◆ Task to carry out
Before printing the listing, strip out its pictures and keep everything else exact.

___ Data extract ___

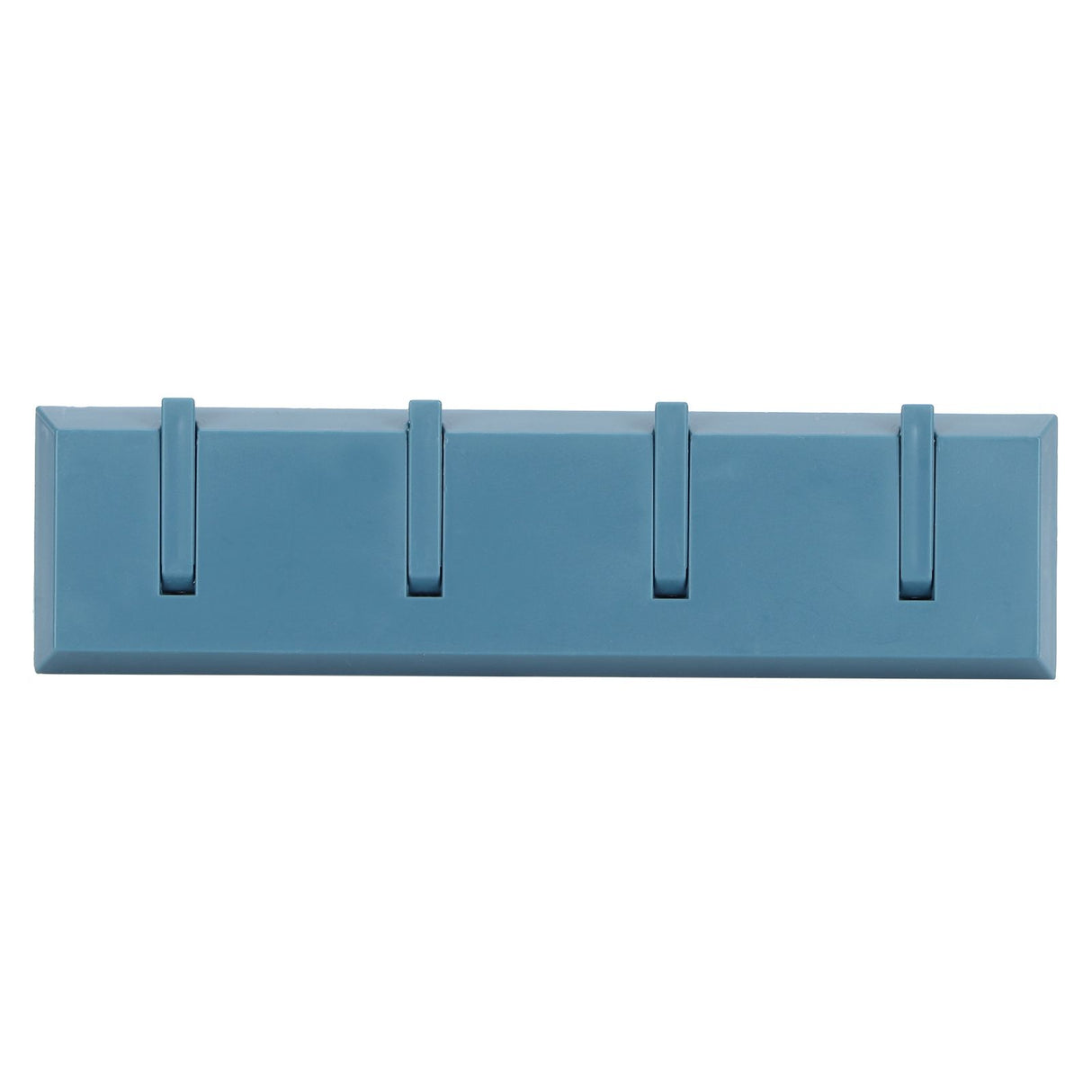 Wall Row Hook Punch Free Coat Key Holder Door Hat Hanger for Bathroom Wall Door Decor(Dark Blue )
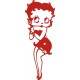 Stickers célébrités Betty Boop rouge 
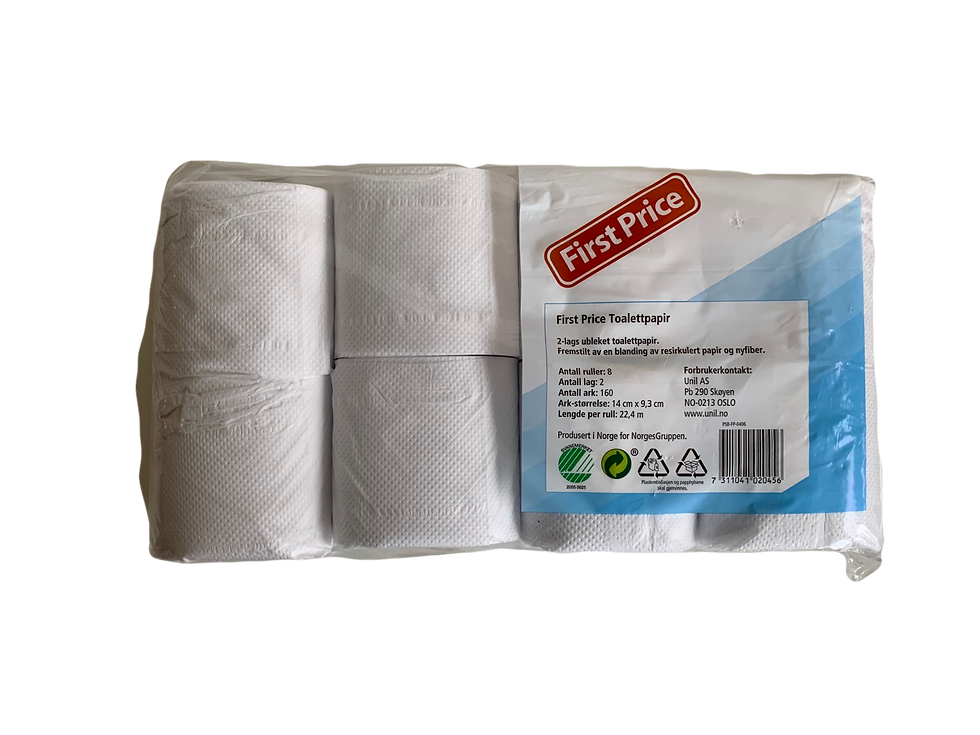 Thumbnail: Toalettpapir 8pk Økonom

___

◆ Answer space
 Wall Row Hook Punch Free Coat Key Holder Door Hat Hanger for Bathroom Wall Door Decor(Dark Blue )
 Stickers célébrités Betty Boop rouge 
 Thumbnail: Toalettpapir 8pk Økonom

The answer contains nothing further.